Plasma-enabled synthesis of Pd/GO rich in oxygen-containing groups and defects for highly efficient 4-nitrophenol reduction

Abstract

Effective catalytic removal of 4-nitrophenol (4-NP) in industrial wastewater remains a significant challenge due to the lack of highly efficient and stable catalysts. Herein, we demonstrated a promising plasma method for the facile, ultra-fast and low-temperature synthesis of graphite oxide (GO)-supported palladium catalyst (Pd/GO-P) rich in oxygen-containing groups (OCGs) and defects with smaller Pd nanoparticles (NPs) for highly efficient 4-NP reduction. The plasma method limited the damage to the OCGs and retained more OCGs (mainly alkoxy and hydroxyl groups) on the GO surface.
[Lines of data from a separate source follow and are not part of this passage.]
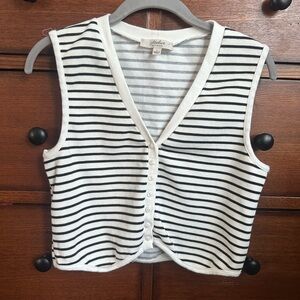 Atelier Women's Black and White Striped Top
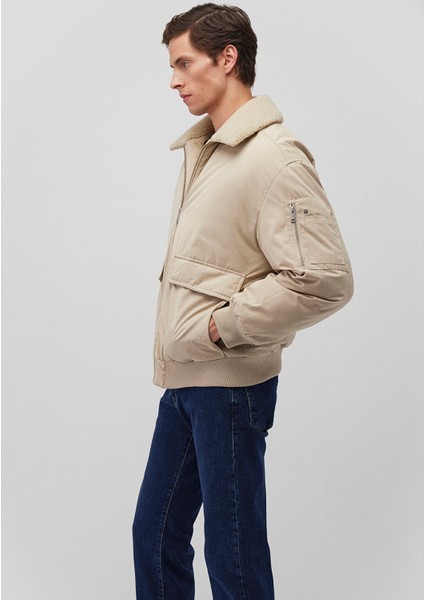 Dik Yaka Bej Bomber Ceket 0110465-86559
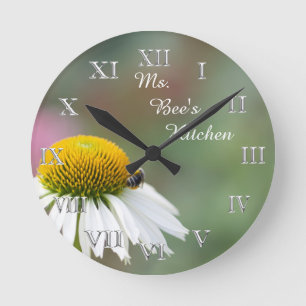 (Personalize)Busy Bee Flower Silver Roman Numerals Round Clock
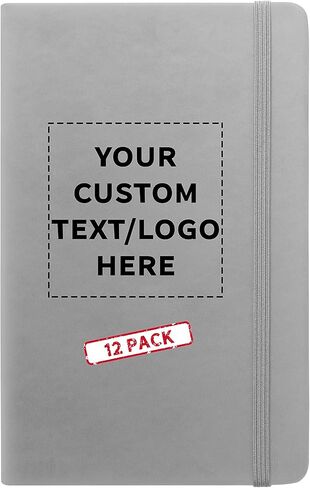 DISCOUNT PROMOS 24 Barrington Hardcover Journals with Band Pack - Customizable Text, Logo - 80 pages, Shimmer Cover, Ribbon bookmark - Black in Kuwait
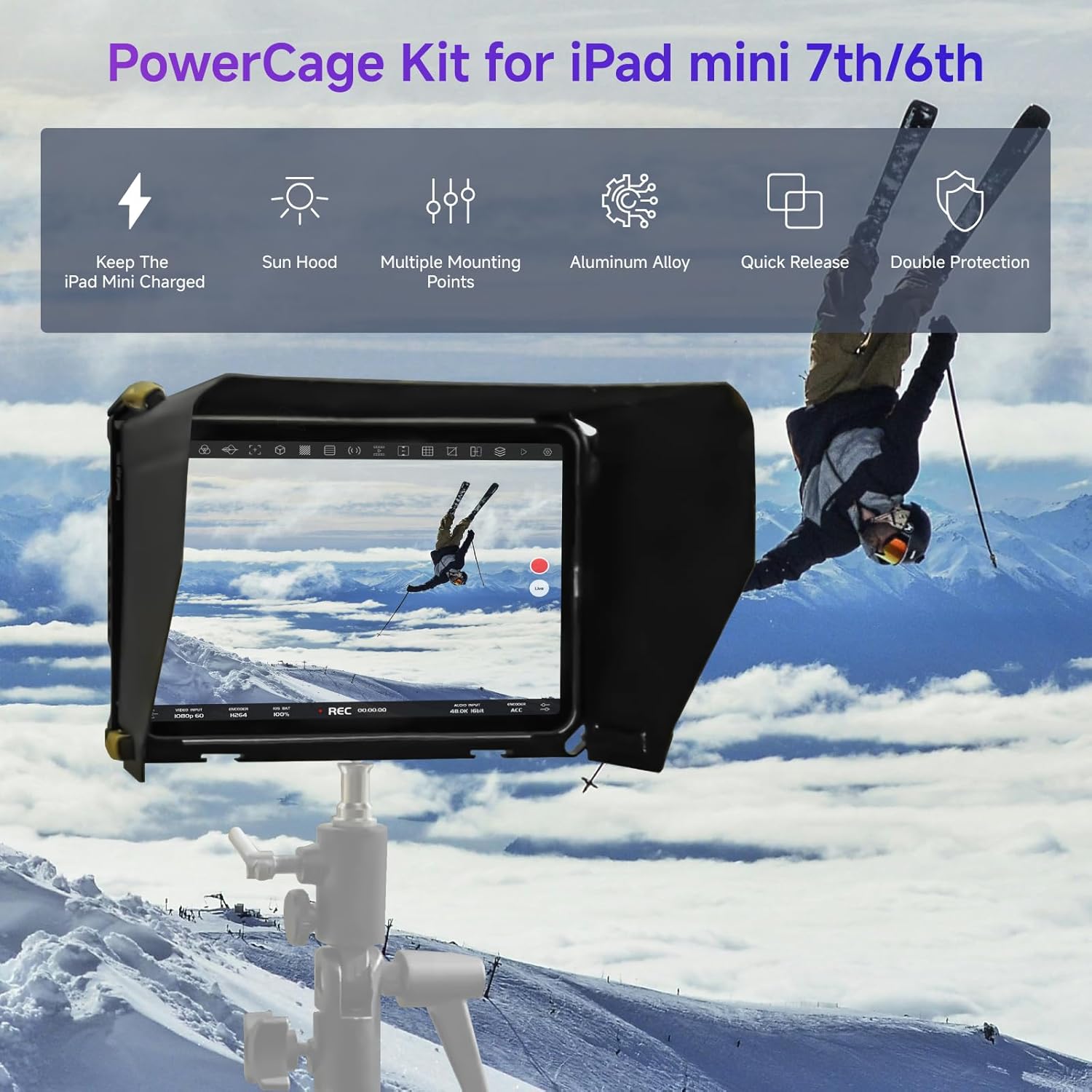 Accsoon PowerCage Mini Cage for iPad mini 6/Mini 7(A17 Pro) iPad Tripod Mount with NP-F Battery Plate Adapter& Sun Hood, Use with SeeMo Series CineView for Video Monitoring/Livestreaming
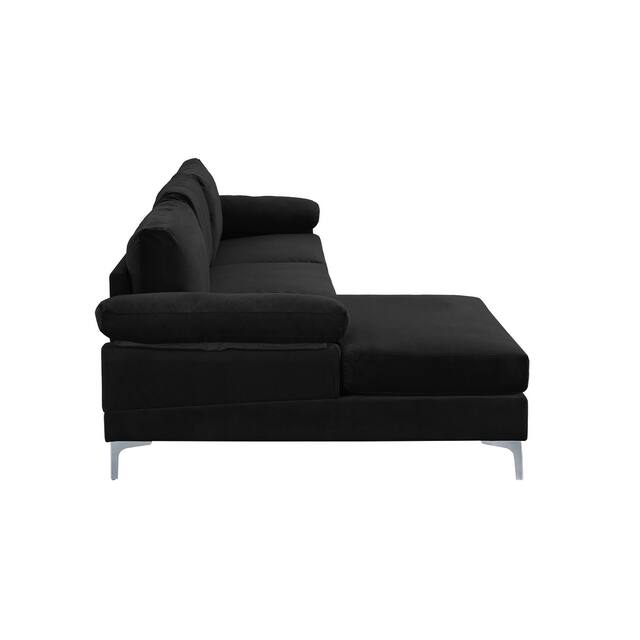 Velvet Upholstered L-Shape Sectional Sofa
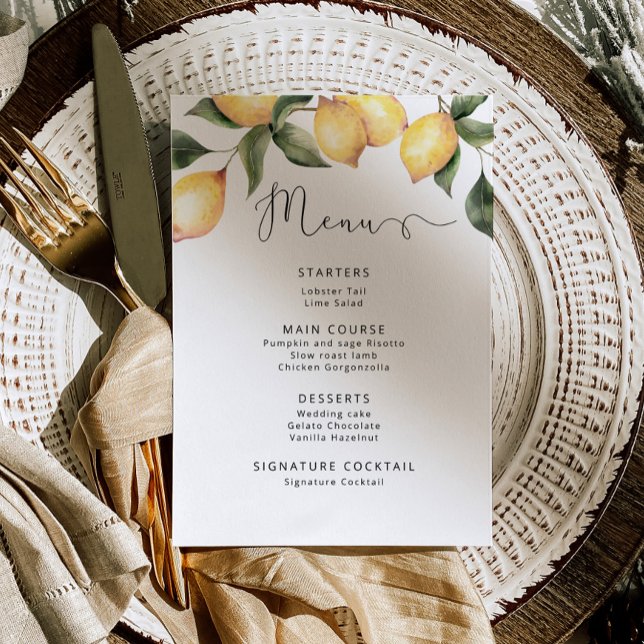 Watercolor lemons elegant wedding Menu Invitation (Creator Uploaded)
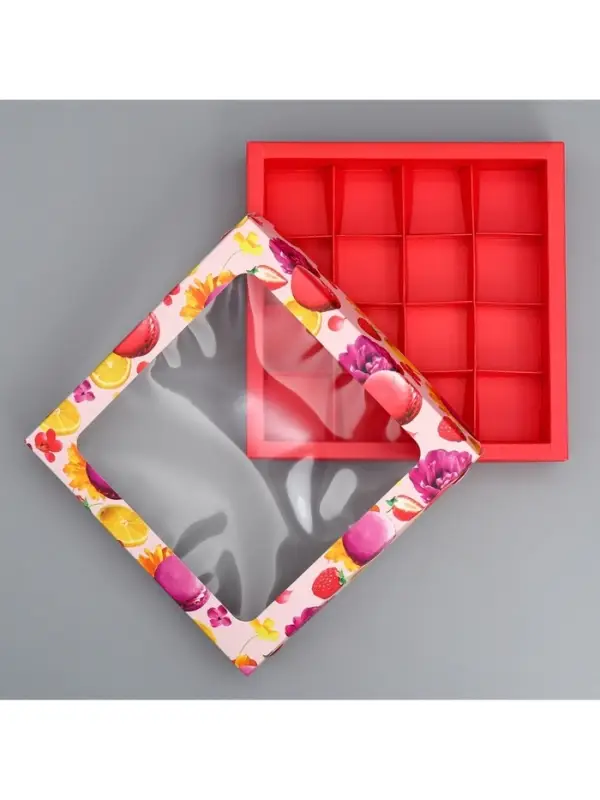 Коробка для конфет, кондитерская упаковка, 16 ячеек With love, 18.9&times;18.9&times;3.8 см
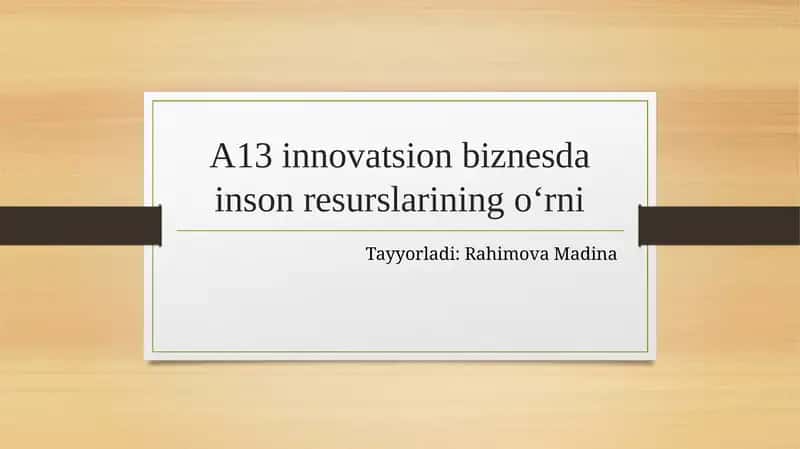 Innovatsion Biznes va Inson Resurslari 1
In addition, plasma treatment can increase the active sites and the density of GO surface defects. These OCGs and defects promoted the 4-NP adsorption and improved the catalyst dispersion in the aqueous solution of 4-NP, thereby enhancing the catalytic reduction performance. The Pd/GO-P catalyst showed the highest reduction of 4-NP reported thus far, with a concentration-normalized rate constant of 5576 min−1 g−1 L. This value was 51.6 and 20.5 times greater than that using Pd/rGO-H prepared by a traditional thermal reduction method and a commercial Pd/AC catalyst, respectively. This work opens the avenue of exploring the use of plasma for the rational design of supported Pd catalysts with superior performance for the reduction and recycling of 4-NP in wastewater.